R.I. governor threatens to lay off 1,000 workers
PROVIDENCE - Governor Donald L. Carcieri warned yesterday that he will lay off 1,000 state workers after a judge blocked him from shutting down the government to save money, but he signaled a willingness to cut a deal with employee unions that could save jobs.
The governor threatened layoffs shortly after Supreme Court Justice Maureen McKenna Goldberg stopped him from forcing about 80 percent of the roughly 13,500-member state workforce to stay home without pay today.
Carcieri cannot order a shutdown until the full court has a chance to consider the case.

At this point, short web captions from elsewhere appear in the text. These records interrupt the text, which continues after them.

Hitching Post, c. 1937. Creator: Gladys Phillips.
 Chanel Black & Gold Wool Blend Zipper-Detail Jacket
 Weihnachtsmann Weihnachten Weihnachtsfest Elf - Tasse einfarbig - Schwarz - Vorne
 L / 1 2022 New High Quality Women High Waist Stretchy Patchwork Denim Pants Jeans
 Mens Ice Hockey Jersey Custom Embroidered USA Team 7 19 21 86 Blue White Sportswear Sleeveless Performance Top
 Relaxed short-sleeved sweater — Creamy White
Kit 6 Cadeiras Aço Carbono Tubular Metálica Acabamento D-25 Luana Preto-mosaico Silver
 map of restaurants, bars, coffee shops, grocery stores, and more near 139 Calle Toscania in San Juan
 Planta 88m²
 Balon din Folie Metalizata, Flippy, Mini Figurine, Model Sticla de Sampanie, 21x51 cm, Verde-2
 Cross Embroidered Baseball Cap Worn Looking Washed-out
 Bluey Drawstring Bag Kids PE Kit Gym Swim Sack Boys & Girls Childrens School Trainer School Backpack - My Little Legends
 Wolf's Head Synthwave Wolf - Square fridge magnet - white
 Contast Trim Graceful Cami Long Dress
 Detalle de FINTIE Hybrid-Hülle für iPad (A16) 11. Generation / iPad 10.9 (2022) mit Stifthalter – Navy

Today’s scheduled closure was supposed to be the first of a dozen shutdown days to help the state close a $68 million shortfall in it annual spending plan.
Carcieri earlier described the ruling as “the straw that broke the camel’s back’’ and ruinous for the state’s finances, but he softened his tone after meeting with his legal team at the State House.
“That’s my preference, to negotiate this and come to an agreement,’’ Carcieri said. “But we’re running out of time.’’
Under his plan, layoffs would target those hired most recently, a decision that is intended to minimize delays caused by union rules that allow senior employees who are laid off to take the jobs of less-experienced workers.
Carcieri did not say which agencies would be targeted, and his spokeswoman did not return a call seeking comment.
Laying off so many people could take weeks or even months, especially if some of those workers would have to be replaced because their jobs are critical to the state, union leaders said. They were uncertain yesterday whether Carcieri was bluffing.
“I think calmer heads need to prevail,’’ said Philip Keefe, president of the Rhode Island Alliance of Social Service Employees, Local 580. “He needs to go back to the negotiating table and stop with the threats. I don’t think they’re productive.’’
Carcieri’s warning rattled employees, who work in a state with a 12.7 percent jobless rate.
“I am totally willing to take 12 furlough days in order to avoid people being laid off,’’ said Cristina Dichiera, a program director for the Rhode Island State Council for the Arts. Getting laid off “would be so bad, I don’t even want to think about it,’’ she said.
The high court has scheduled a Sept. 11 private meeting with lawyers for both sides.